# What needs to be done
In the entries that follow, the line with "istock Plaza and Church in Mompox 1148949186" opens the range and the line with "2021 Nissan Versa Sv – zdjęcie 1 z 13" closes it; repeat that range exactly, both lines included.

# Material provided
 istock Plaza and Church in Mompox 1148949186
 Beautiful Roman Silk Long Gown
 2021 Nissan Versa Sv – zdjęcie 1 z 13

==

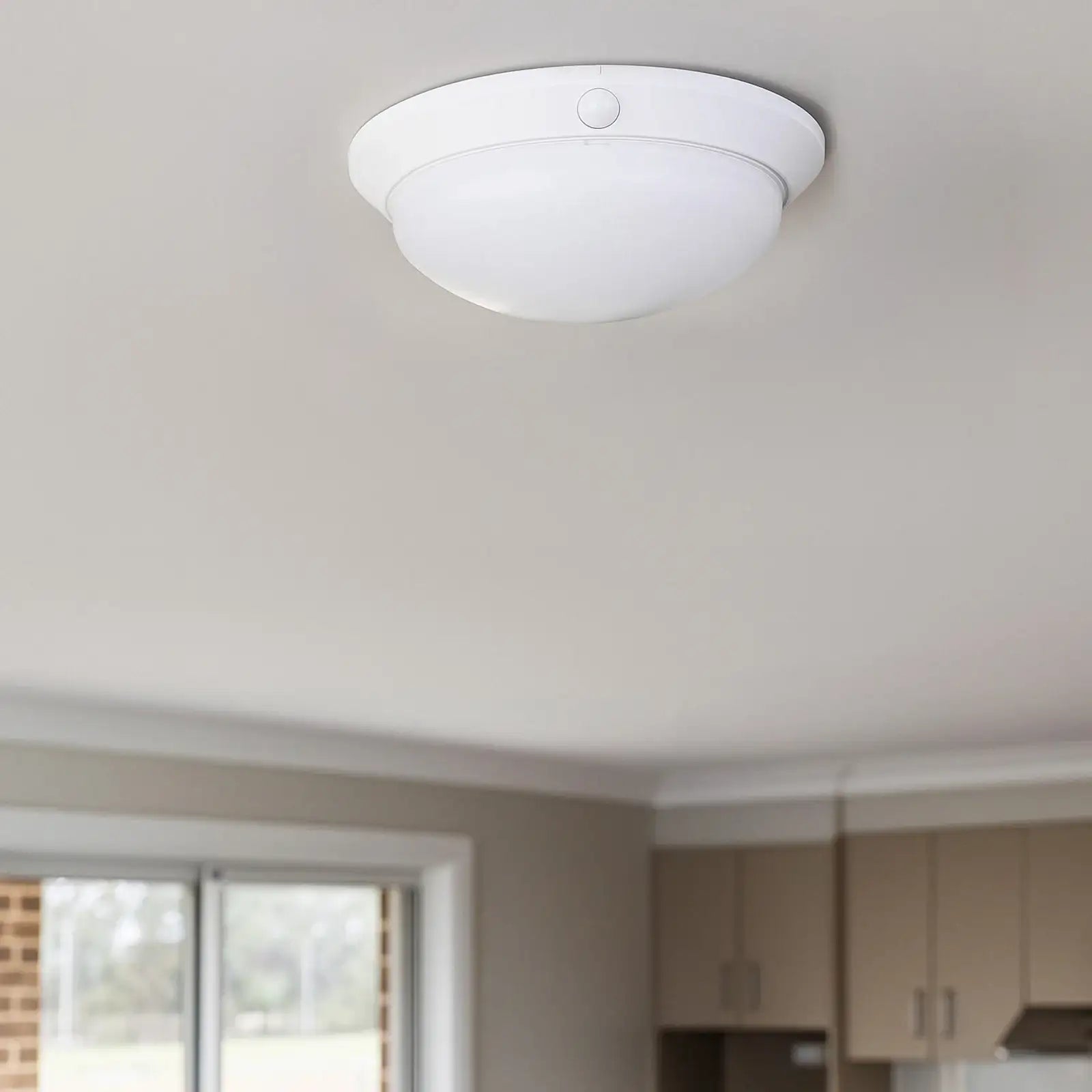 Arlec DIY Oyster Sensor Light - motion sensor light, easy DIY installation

--

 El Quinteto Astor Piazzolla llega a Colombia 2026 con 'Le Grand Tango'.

# Exercise output
 istock Plaza and Church in Mompox 1148949186
 Beautiful Roman Silk Long Gown
 2021 Nissan Versa Sv – zdjęcie 1 z 13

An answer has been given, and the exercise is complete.